Chartered Planner Sean McCann, who works for NFU Mutual, warned that should part of an unmarried couple die their surviving partner could end up paying thousands more in tax than if they were married.
According to the Office for National Statistics there are 3.5m cohabiting unmarried couples in the UK, an increase of 772,000 since 2009. This makes them the fastest growing family group in the UK.
The largest trap highlighted by the Chartered Financial Planner is inheritance tax. He said: "You can normally leave unlimited wealth to your spouse or civil partner without triggering an inheritance tax bill.
"They can also inherit your unused £325,000 tax free allowance and £175,000 residence nil rate band to allow them to pass on more wealth tax free when they die.
"But the same isn’t true for cohabiting couples. If your partner leaves you chargeable assets valued at more than £325,000, you will pay 40% in tax on the excess.
"Usually, inheritance tax has to be paid within six months of the death and before the assets can be passed to the beneficiaries. This often leaves the surviving partner having to deal with a large, unexpected tax bill, at a time when they are at their most vulnerable.
"It’s important that unmarried couples take advice to work out the size of any potential tax bill and how best to make use of the tax-free allowances available."
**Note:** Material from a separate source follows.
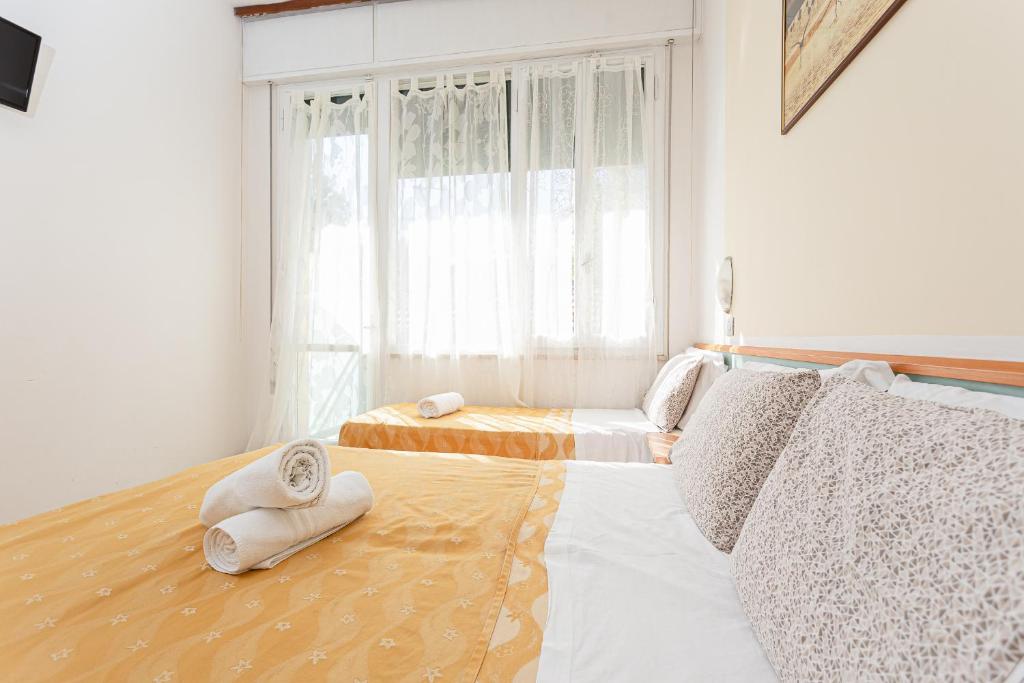 une chambre avec deux lits et une fenêtre dans l'établissement Hotel Gadames - Lunch on the Beach, à Cervia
Mr McCann also warned of the potential inheritance tax bill that could be levied on any life insurance pay out. If a policy is not put in trust, an unmarried surviving partner could face a 40% inheritance tax bill on the proceeds.
He also highlighted the fact that if a couple were unmarried and a partner died without a will, in England and Wales the remaining partner does not have any legal rights to inherit. According to NFU Mutual, over half (54%) of UK adults do not have a will.